The merits of free trade are a rare area of near-consensus among economists. A 2012 survey
found that 85 percent of top economists agreed that free trade boosts
productivity and benefits consumers more than enough to substantially
outweigh any effects on specific industries’ employment.
To understand why, simply consider what trade is by definition: a
voluntary transaction where both parties are left better off. In any
given transaction, if the two parties weren’t both better off as a
result of the trade, neither would choose to engage in it. While
sometimes lucrative for the industry groups or special interests that
lobbied for them, trade barriers prevent these mutually beneficial
transactions, raise prices, and hobble the economy as a whole.
Consider the following passage from Adam Smith’s Wealth of Nations explaining why artificially raising costs through tariffs hurts a country’s economy:
It is the maxim of every prudent master of a family, never to attempt
to make at home what it will cost him more to make than to buy. The
tailor does not attempt to make his own shoes, but buys them of the
shoemaker. The shoemaker does not attempt to make his own clothes, but
employs a tailor. The farmer attempts to make neither the one nor the
other, but employs those different artificers.
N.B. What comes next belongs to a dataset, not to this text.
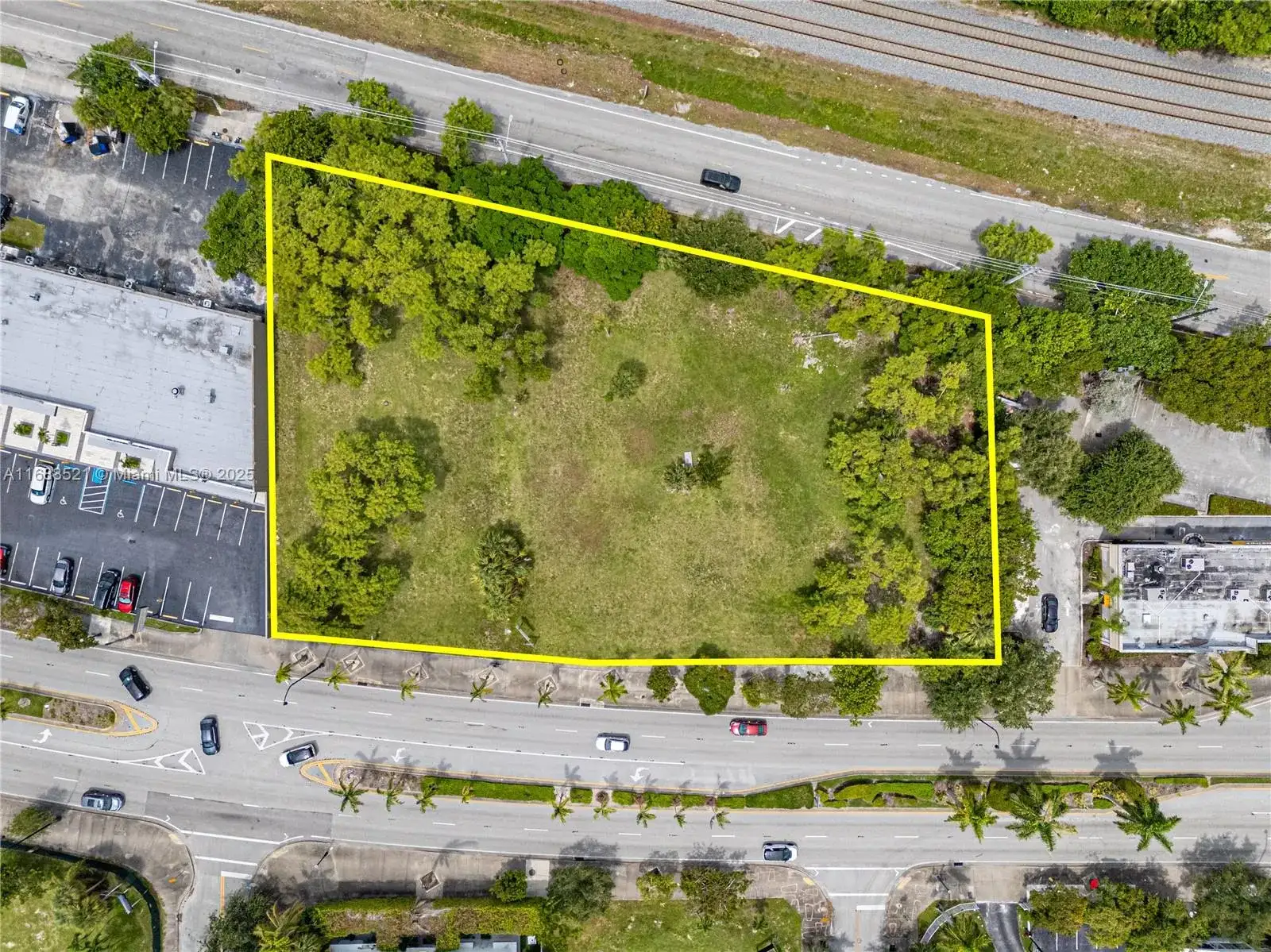 5220 Biscayne, Miami FL 33137 photo 4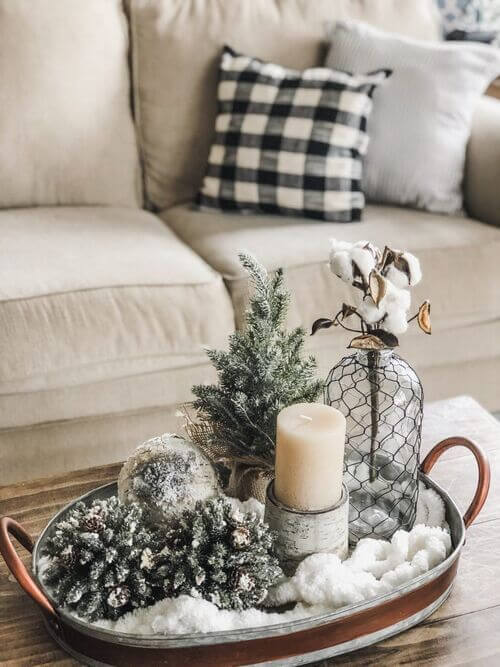 cozy winter coffee table decor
What is prudence in the conduct of every private family can scarce be
folly in that of a great kingdom. If a foreign country can supply us
with a commodity cheaper than we ourselves can make it, better to buy it
of them with some part of the produce of our own industry, employed in a
way in which we have some advantage.
Smith’s 17th-century language describes a simple reality that’s still just as true today.
If we all are free to buy the cheapest products through trade in a
global market without tariffs or other distortions, consumers will reap
the rewards. Our productive resources will naturally flow to our
strongest, most skilled economic areas while “outsourcing” others to
countries more efficient in a given field. As economist Gregory Mankiw put it,
“Americans should work in those industries in which we have an
advantage compared with other nations, and we should import from abroad
those goods that can be produced more cheaply there.”
Image credit: Peterson Institute for International Economics
The trade barriers we have in place today prevent this realignment
from taking place in full. In doing so, they limit economic growth,
decrease wages, and kill far more jobs than they “protect.”
Perhaps the most obvious objection to eliminating trade barriers to
jump-start the economy is that there’s no reason to believe other
countries would do the same in return. But that actually doesn’t matter.
As the Mercatus Center’s Veronique de Rugy wrote in the New York Times:
By lowering its trade barriers, a government enriches its citizens
regardless of the policies implemented by foreign governments.
Even if Canada never removes its 270 percent tariffs on our dairy
products, Americans would gain if Uncle Sam, regardless of Ottawa’s
trade policies, unilaterally removed...all tariffs on imports from
Canada. Don’t forget that Canada’s dairy tariffs are paid by Canadian
consumers. It defies logic for an American president to punish American
consumers in order to prompt Justin Trudeau to be kinder to Canadians.
Additionally, imposing trade barriers probably isn’t going to force
the target country to remove theirs. It’s much more likely to lead to
another retaliatory round of tariffs placed on the US in response.
Unilateral free trade is always the best approach, and will always
produce a faster-growing economy than the alternative.
So if policymakers want to jump-start the economy without running up
more in debt, they should start by removing barriers to trade. The repeated failure of bloated big government bills has already shown us that the best thing the government can do to help the economy recover is getting out of the way."